▶ [EXERCISE PROMPT]: A single number is wanted: how many lines of the data include the string "replace".

START DATA FOR THIS EXERCISE

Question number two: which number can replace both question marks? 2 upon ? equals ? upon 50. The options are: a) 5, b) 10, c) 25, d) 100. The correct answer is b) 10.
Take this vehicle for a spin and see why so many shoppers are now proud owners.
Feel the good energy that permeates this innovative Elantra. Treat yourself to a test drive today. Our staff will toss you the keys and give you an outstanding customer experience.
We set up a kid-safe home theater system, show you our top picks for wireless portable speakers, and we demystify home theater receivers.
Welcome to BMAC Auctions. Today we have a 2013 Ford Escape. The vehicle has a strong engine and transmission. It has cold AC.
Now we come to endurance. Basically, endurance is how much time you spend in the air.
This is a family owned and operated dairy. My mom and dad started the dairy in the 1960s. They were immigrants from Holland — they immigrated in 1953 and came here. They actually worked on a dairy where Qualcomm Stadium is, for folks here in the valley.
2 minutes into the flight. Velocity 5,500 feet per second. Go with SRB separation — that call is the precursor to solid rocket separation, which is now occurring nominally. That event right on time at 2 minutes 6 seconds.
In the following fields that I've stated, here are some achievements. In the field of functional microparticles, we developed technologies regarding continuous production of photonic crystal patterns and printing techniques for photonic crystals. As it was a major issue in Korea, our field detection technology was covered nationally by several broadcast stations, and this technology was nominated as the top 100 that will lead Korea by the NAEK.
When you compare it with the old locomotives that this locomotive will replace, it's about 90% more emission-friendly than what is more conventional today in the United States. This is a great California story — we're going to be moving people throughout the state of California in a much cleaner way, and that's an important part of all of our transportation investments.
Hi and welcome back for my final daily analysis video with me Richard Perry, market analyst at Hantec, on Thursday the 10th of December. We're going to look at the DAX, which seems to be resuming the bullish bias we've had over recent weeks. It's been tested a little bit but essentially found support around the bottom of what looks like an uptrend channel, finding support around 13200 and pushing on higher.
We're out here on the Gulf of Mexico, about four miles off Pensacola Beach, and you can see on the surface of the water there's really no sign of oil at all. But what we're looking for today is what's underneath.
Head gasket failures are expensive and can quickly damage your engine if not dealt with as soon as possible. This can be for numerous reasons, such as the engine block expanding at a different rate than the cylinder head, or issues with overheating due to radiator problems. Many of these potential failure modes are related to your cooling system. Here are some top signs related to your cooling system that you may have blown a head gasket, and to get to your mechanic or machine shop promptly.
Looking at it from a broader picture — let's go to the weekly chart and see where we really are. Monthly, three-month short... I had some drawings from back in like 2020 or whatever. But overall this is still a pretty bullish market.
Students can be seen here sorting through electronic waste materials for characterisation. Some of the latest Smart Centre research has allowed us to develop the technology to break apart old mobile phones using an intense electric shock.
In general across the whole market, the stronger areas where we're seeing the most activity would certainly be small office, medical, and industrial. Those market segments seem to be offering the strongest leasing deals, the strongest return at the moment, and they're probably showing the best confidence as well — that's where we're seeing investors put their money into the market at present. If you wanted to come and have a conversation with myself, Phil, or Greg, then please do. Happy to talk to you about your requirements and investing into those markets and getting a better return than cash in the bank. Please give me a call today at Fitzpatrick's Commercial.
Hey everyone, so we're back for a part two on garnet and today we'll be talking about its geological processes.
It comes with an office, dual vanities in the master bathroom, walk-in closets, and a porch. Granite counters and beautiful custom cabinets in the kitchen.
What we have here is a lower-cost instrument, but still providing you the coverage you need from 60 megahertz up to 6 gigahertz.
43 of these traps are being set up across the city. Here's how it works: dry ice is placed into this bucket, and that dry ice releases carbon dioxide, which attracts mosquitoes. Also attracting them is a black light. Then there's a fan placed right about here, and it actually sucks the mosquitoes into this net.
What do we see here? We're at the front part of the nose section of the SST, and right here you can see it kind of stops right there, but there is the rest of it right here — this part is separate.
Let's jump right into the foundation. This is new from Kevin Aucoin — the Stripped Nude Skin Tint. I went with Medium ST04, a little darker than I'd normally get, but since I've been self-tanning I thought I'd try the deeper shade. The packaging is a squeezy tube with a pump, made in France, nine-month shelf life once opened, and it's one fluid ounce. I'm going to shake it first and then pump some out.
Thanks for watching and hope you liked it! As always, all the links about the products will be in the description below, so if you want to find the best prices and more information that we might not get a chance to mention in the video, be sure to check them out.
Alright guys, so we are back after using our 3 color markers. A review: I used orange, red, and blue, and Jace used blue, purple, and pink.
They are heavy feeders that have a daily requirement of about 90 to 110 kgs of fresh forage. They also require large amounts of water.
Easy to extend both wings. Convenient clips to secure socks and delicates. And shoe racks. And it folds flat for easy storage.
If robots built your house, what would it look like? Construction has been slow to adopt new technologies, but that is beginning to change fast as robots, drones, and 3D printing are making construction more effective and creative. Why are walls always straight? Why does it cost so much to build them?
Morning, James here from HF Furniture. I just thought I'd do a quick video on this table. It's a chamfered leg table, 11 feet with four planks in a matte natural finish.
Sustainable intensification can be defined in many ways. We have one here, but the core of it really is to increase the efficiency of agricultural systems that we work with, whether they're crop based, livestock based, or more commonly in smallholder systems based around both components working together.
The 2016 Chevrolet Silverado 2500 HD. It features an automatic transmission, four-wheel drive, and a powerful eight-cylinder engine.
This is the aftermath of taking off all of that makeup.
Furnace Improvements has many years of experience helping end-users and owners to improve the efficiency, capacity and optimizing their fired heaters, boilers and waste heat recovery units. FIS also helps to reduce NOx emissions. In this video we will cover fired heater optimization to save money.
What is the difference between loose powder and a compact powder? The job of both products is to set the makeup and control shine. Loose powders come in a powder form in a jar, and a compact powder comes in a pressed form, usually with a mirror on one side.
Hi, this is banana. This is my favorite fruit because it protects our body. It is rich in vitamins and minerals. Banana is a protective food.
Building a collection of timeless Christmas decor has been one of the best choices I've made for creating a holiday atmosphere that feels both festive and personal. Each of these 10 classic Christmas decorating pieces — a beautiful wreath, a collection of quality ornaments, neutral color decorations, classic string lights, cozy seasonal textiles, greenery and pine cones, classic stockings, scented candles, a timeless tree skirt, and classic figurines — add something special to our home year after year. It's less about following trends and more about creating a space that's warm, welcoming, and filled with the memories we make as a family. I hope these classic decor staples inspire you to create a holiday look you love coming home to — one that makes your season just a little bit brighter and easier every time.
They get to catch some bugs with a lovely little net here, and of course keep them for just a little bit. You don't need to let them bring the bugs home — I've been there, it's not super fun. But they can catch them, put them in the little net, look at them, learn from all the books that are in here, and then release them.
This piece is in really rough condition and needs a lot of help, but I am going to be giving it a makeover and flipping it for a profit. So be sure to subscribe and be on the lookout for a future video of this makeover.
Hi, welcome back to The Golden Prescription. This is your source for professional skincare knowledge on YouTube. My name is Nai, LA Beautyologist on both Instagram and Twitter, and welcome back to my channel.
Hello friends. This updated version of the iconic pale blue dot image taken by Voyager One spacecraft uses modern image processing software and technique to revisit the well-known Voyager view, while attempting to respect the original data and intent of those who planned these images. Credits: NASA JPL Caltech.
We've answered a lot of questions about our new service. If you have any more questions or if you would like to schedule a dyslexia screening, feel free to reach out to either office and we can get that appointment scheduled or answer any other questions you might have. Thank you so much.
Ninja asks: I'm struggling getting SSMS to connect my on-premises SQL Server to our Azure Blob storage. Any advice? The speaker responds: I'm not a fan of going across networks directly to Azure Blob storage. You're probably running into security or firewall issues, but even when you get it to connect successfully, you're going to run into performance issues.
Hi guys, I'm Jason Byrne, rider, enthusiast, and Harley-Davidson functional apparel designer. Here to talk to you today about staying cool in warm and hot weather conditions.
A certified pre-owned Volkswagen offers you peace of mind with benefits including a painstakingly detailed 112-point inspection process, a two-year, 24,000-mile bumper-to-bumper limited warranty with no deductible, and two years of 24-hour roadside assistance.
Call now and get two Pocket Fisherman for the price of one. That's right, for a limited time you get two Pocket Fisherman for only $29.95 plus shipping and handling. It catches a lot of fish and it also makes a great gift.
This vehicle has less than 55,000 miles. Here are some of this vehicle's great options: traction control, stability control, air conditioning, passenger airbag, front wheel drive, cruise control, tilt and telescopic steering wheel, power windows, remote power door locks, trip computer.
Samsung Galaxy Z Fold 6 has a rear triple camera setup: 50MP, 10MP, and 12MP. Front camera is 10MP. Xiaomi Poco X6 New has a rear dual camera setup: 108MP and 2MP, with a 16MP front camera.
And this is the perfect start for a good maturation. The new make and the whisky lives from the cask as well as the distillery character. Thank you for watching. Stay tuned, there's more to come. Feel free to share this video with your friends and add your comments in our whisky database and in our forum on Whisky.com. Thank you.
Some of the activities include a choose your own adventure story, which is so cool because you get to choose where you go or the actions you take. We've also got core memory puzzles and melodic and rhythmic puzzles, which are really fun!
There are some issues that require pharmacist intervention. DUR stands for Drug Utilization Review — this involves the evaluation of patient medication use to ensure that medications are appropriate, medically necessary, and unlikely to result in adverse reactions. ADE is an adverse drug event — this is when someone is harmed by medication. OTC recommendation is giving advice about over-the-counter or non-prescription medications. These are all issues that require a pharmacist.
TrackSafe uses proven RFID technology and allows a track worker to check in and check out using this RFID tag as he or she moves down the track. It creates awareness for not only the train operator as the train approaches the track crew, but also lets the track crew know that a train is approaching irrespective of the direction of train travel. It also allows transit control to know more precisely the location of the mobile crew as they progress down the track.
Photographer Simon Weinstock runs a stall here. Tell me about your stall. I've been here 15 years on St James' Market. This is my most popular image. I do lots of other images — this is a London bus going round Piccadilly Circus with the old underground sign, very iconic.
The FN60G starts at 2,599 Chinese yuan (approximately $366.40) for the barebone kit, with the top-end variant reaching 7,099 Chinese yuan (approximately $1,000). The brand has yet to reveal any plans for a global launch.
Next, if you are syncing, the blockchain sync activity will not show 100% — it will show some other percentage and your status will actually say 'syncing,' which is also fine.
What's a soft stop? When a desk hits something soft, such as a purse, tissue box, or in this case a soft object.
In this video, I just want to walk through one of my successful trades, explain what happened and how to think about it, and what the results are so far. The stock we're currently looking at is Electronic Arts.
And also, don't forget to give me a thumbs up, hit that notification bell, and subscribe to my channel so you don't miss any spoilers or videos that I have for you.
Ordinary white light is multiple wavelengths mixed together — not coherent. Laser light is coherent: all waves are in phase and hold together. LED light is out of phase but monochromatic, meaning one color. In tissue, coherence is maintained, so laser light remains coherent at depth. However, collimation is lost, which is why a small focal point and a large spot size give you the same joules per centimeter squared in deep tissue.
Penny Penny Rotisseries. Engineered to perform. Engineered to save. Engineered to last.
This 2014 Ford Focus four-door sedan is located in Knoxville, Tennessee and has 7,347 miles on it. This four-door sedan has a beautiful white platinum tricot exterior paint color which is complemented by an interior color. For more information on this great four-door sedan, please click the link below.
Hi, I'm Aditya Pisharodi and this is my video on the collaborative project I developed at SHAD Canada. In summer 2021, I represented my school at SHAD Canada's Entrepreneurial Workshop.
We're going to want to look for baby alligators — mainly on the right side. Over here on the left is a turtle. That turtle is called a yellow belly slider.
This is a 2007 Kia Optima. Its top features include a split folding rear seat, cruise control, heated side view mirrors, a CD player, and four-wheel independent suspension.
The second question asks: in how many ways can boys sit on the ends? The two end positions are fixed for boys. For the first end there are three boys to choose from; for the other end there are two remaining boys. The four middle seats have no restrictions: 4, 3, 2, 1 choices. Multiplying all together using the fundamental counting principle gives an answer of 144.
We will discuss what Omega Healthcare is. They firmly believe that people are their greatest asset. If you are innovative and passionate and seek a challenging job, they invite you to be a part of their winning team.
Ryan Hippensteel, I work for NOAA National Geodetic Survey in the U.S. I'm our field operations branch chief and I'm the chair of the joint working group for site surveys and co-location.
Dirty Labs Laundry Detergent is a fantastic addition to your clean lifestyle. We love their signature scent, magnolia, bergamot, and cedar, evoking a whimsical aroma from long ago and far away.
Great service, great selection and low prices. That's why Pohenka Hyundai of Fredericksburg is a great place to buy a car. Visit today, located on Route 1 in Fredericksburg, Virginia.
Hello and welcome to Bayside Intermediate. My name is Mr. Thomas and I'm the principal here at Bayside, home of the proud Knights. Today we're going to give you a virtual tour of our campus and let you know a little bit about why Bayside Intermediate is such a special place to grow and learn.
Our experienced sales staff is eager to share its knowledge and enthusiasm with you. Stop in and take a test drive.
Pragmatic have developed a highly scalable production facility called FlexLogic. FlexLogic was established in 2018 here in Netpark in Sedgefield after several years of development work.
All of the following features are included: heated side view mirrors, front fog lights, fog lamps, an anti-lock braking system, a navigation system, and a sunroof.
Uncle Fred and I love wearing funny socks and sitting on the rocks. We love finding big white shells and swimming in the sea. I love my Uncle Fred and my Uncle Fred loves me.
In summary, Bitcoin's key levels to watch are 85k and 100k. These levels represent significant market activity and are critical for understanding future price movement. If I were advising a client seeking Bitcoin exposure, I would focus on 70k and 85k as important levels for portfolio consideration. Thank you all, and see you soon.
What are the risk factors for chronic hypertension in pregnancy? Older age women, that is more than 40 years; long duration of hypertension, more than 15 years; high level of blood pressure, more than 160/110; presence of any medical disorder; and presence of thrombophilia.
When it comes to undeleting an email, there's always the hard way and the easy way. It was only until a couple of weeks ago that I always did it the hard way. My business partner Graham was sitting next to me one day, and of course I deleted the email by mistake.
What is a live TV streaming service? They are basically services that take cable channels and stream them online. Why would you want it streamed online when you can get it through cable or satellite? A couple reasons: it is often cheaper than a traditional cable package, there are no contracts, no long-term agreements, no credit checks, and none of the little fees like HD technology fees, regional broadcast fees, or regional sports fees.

END DATA FOR THIS EXERCISE

▶ [RESULT OF THIS EXERCISE]: 2